Work item: Write out each line exactly, starting with the one containing "Maglia Paris PSG" and stopping after the last line of the listing below.
--- Available data ---
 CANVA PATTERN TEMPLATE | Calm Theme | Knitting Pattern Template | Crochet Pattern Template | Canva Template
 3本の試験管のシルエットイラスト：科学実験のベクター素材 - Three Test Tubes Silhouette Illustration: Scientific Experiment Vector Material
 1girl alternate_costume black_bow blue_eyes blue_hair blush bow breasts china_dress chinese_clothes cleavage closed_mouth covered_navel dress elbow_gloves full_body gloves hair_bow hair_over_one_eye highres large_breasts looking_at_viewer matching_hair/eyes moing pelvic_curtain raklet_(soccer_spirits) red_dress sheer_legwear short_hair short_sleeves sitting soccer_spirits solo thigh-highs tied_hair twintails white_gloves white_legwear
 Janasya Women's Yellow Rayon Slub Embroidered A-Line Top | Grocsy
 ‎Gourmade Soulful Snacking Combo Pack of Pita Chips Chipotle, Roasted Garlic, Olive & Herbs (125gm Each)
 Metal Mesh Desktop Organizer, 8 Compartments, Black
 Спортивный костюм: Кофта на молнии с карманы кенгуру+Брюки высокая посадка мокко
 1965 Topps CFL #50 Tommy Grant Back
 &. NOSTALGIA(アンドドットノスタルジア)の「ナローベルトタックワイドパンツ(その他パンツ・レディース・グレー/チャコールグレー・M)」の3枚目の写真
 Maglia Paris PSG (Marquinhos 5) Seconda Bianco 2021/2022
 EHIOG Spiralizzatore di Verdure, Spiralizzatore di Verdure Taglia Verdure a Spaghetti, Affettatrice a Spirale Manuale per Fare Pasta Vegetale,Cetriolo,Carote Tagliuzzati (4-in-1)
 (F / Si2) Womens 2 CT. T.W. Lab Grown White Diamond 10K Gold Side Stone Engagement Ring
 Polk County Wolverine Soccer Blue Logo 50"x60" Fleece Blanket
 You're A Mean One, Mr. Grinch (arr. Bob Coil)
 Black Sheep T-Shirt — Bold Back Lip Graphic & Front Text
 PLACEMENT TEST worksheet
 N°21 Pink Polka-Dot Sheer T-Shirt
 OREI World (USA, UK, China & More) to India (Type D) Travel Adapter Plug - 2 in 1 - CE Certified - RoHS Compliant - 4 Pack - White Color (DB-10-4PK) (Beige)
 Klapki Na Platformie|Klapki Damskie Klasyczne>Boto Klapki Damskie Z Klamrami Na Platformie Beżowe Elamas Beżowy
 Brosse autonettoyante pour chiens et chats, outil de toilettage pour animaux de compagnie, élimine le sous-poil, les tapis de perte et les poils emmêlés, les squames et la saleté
---
Response to this exercise:
 Maglia Paris PSG (Marquinhos 5) Seconda Bianco 2021/2022
 EHIOG Spiralizzatore di Verdure, Spiralizzatore di Verdure Taglia Verdure a Spaghetti, Affettatrice a Spirale Manuale per Fare Pasta Vegetale,Cetriolo,Carote Tagliuzzati (4-in-1)
 (F / Si2) Womens 2 CT. T.W. Lab Grown White Diamond 10K Gold Side Stone Engagement Ring
 Polk County Wolverine Soccer Blue Logo 50"x60" Fleece Blanket
 You're A Mean One, Mr. Grinch (arr. Bob Coil)
 Black Sheep T-Shirt — Bold Back Lip Graphic & Front Text
 PLACEMENT TEST worksheet
 N°21 Pink Polka-Dot Sheer T-Shirt
 OREI World (USA, UK, China & More) to India (Type D) Travel Adapter Plug - 2 in 1 - CE Certified - RoHS Compliant - 4 Pack - White Color (DB-10-4PK) (Beige)
 Klapki Na Platformie|Klapki Damskie Klasyczne>Boto Klapki Damskie Z Klamrami Na Platformie Beżowe Elamas Beżowy
 Brosse autonettoyante pour chiens et chats, outil de toilettage pour animaux de compagnie, élimine le sous-poil, les tapis de perte et les poils emmêlés, les squames et la saleté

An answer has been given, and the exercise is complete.